2)     ‘Learning and Development Survey 2006’, The Chartered Institute of Personnel and Development (CIPD).
3)     ‘Performance & Talent Management Trend Survey 2007’, the Business Performance Management Forum and Success Factors, in co-operation with the Human Capital Institute, the US.
4)     ‘Talent Management: Understanding the Dimension’, The Chartered Institute of Personnel and Development (CIPD), 2007.
5)     SOCPO (now PPMA), 2005, p3.
6)     ‘Performance & Talent Management Trend Survey 2007’, the Business Performance Management Forum and Success Factors.
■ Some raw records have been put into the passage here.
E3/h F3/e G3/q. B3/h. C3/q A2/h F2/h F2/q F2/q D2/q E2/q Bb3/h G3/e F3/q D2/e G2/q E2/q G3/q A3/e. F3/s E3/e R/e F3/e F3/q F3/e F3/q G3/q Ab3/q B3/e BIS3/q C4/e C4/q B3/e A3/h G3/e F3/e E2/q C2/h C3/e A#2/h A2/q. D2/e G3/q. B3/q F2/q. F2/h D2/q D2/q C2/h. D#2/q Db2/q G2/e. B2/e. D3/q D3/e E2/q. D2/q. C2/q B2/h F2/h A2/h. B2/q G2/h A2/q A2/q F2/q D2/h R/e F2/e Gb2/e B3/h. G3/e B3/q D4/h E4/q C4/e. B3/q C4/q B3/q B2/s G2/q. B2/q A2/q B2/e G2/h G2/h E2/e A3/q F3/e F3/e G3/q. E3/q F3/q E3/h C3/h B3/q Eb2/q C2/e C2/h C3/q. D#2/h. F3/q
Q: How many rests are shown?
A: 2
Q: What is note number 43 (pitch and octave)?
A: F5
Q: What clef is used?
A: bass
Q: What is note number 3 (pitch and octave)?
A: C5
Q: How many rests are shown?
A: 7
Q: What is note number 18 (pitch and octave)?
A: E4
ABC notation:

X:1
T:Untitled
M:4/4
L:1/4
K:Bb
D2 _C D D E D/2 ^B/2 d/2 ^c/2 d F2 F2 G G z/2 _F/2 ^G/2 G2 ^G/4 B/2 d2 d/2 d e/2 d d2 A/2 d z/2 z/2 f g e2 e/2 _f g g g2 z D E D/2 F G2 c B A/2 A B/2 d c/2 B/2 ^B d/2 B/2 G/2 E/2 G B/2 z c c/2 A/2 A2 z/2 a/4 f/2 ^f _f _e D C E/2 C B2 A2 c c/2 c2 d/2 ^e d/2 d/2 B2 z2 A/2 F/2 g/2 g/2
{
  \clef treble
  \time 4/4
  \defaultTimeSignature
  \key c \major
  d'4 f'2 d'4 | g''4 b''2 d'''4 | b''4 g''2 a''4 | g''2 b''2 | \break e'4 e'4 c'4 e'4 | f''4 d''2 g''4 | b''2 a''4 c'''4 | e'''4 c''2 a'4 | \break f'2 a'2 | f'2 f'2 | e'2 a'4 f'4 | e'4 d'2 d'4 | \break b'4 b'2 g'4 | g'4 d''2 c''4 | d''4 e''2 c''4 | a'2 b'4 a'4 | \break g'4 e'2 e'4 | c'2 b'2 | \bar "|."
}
7)     ‘Lessons Learned: Workforce/Integration of New Personnel/Stress Levels’, Wednesday, October 1, 2003. Source: NASA Public Lessons Learned System (PLLS).
8)     ‘Developing the Future’, Microsoft, July 2006.
9)     Skills Shortage Occupations List, November 2006 (www.workpermit.com).
10)Russell Parera, ‘Skills shortage dogs employers’, FT.com, 4 April 2007.
11)Ben Leapman, ‘Migration tally reveals British brain drain’, Sunday Telegraph, 9 April 2007
12)Report of Work Group on (im)migrant Workers Safety and Health, 14-16 September 2005, European Agency for Health & Safety at Work
13)Ernst & Young's Middle East Human Capital Practices Survey 2006-07.
14)‘Performance & Talent Management Trend Survey 2007’, the Business Performance Management Forum and Success Factors.
15)‘Performance & Talent Management Trend Survey 2007’, the Business Performance Management Forum and Success Factors, in co-operation with the Human Capital Institute, the US.